JAKARTAHYPE.COM - Bulan Zulhijah memegang status istimewa dalam kalender Hijriah karena termasuk dalam empat bulan haram yang dimuliakan dalam Islam. Ketetapan mengenai bulan-bulan suci ini telah ditegaskan secara eksplisit dalam Al-Qur'an, khususnya pada Surah At Taubah ayat 36.

Keempat bulan haram tersebut, berdasarkan keterangan dari buku Fiqh Al Jihad Dirasah Muqaramah li Ahkamihi wa Falsafatihi fi Dhau' Al-Qur'an wa Al-Sunnah karya Yusuf Qardhawi yang diterjemahkan Irfan Maulana Hakim dkk, meliputi Zulkaidah, Zulhijah, Muharram, dan Rajab. Dikutip dari Detikcom, ayat tersebut menekankan pentingnya menjaga diri dari perbuatan zalim pada bulan-bulan tersebut.

Kekhususan ini juga diperkuat melalui hadits yang diriwayatkan oleh Abu Bakrah RA, di mana Rasulullah SAW menyebutkan empat bulan haram tersebut. Tiga di antaranya berurutan, yaitu Zulkaidah, Zulhijah, dan Muharram, sementara Rajab berada di antara Jumadil Akhir dan Sya'ban.

Umat Islam diketahui telah memasuki 1 Dzulhijah 1447 H pada tanggal 18 Mei 2026, menandai dimulainya periode penuh berkah ini. Status Zulhijah sebagai bulan haram memberikan keistimewaan spiritual yang signifikan bagi seluruh umat Muslim.

Pendakwah Yahya Zainul Ma'arif menjelaskan bahwa keutamaan terbesar bulan Zulhijah terletak pada sepuluh hari pertamanya. Pada periode ini, berkumpul berbagai ibadah besar yang tidak ditemukan secara bersamaan di bulan lainnya sepanjang tahun.

"Kalau 10 awal Zulhijah lihat ada haji ada kurban ada puasa, puasa Arafah ada, salat juga ada, makanya kelebihan 10 (hari) awal Zulhijah adalah di situ tersimpulkan semua ibadah yang bertebaran di sepanjang satu tahun tersimpulkan di 10 awal Zulhijah.

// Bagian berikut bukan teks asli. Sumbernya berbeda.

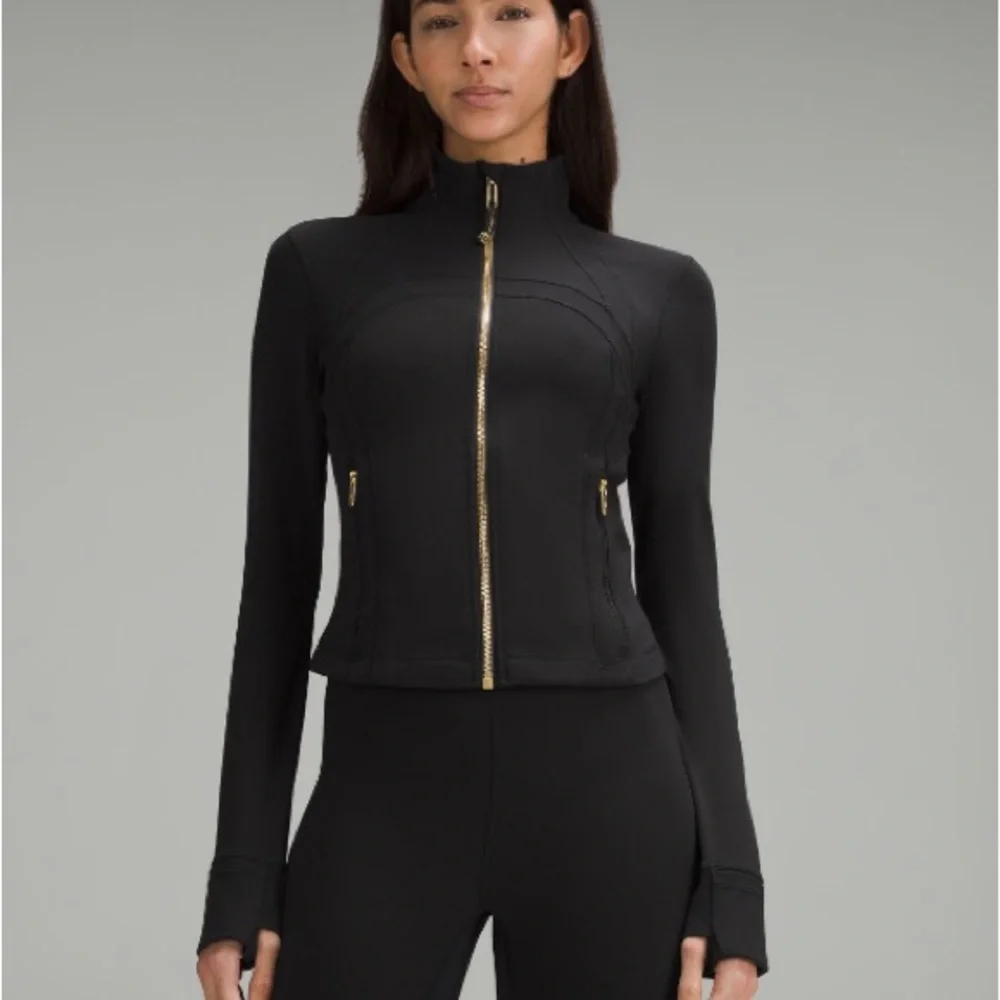 BNWT Lululemon Define *Nulu Jacket. Black + Gold Zippers sz 4 - Picture 1 of 13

Bahkan lebih dari itu, ada amalan yang hanya adanya di awal 10 (hari) Zulhijah, haji sama menyembelih kurban kemudian di situ juga ada puasa," ujar Yahya Zainul Ma'arif.

Keagungan sepuluh hari awal Zulhijah juga ditegaskan dalam hadits riwayat Bukhari, yang menunjukkan tingginya nilai amal kebajikan pada waktu tersebut. "Tidak ada hari-hari yang lebih dicintai oleh Allah untuk beramal kebajikan melebihi dari 10 hari awal Zulhijah," sabda Nabi Muhammad SAW.

Sahabat kemudian bertanya mengenai jihad, dan Rasulullah SAW menjawab, "Jihad pun tidak bisa menyamainya, kecuali seseorang keluar berjihad dengan membawa harta dan nyawanya lalu ia tidak kembali lagi," (HR Bukhari).

Selain itu, umat Islam dianjurkan untuk mengintensifkan zikir, seperti tahlil, tahmid, tasbih, dan takbir, sebagaimana sabda Rasulullah SAW. "Tidak ada hari-hari yang lebih agung di hadapan Allah dan lebih dicintai oleh Allah untuk melakukan amal kebajikan melebihi dari hari-hari di 10 awal Zulhijah. Maka perbanyaklah membaca tahlil, tahmid, tasbih, dan takbir," (HR. Ahmad).